▸ Work item: Drop the pictures and repeat the remaining data exactly.

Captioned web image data
◇ ◇ ◇

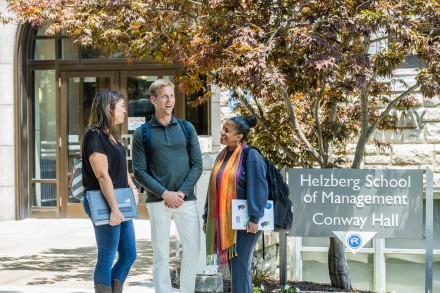 Three graduate students talking in front of Conway Hall
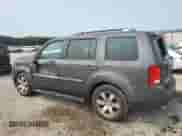 2015 Honda Pilot Touring с VIN 5FNYF3H96FB011875, выставлен на аукционе Copart как лот 59057085 с пробегом 165 328 миль миль и Списание • Salvage title. История ставок и продаж доступна на DreamBid. Изображение 2.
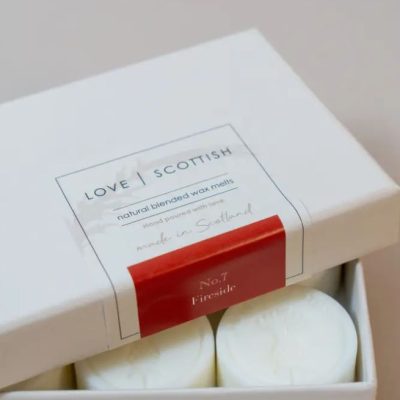 A close-up image showcases a box labeled Love Scottish: Natural Blended Wax Melts. This white box with a striking red label highlights the popular scent No. 7 Fireside. Two white wax melts can be seen partially inside, illustrating their inviting fragrance and premium quality.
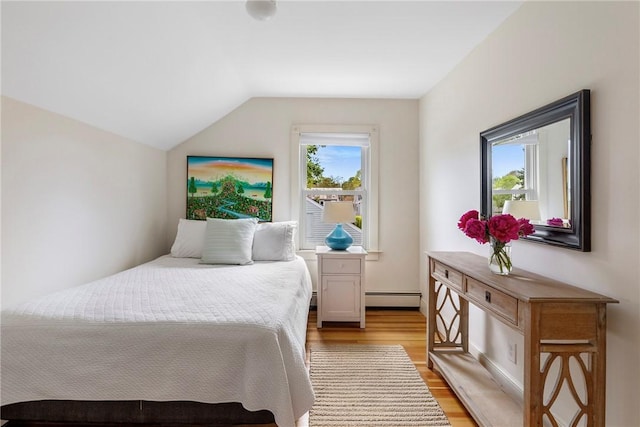 29 Webster St, Newport, RI 02840 - bedroom with a baseboard heating unit, light wood-style flooring, and lofted ceiling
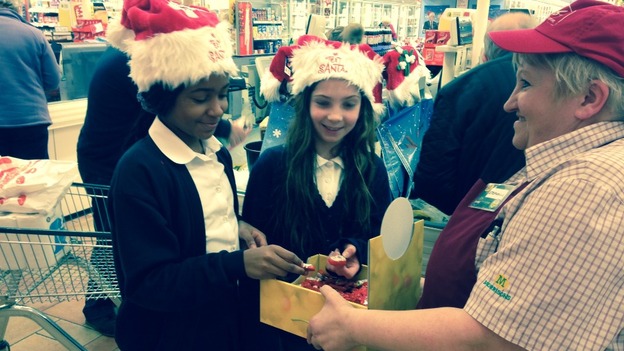 Children help pack bags for the Text Santa appeal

◇ ◇ ◇

▸ Response to the exercise:
 Three graduate students talking in front of Conway Hall
 2015 Honda Pilot Touring с VIN 5FNYF3H96FB011875, выставлен на аукционе Copart как лот 59057085 с пробегом 165 328 миль миль и Списание • Salvage title. История ставок и продаж доступна на DreamBid. Изображение 2.
 A close-up image showcases a box labeled Love Scottish: Natural Blended Wax Melts. This white box with a striking red label highlights the popular scent No. 7 Fireside. Two white wax melts can be seen partially inside, illustrating their inviting fragrance and premium quality.
 29 Webster St, Newport, RI 02840 - bedroom with a baseboard heating unit, light wood-style flooring, and lofted ceiling
 Children help pack bags for the Text Santa appeal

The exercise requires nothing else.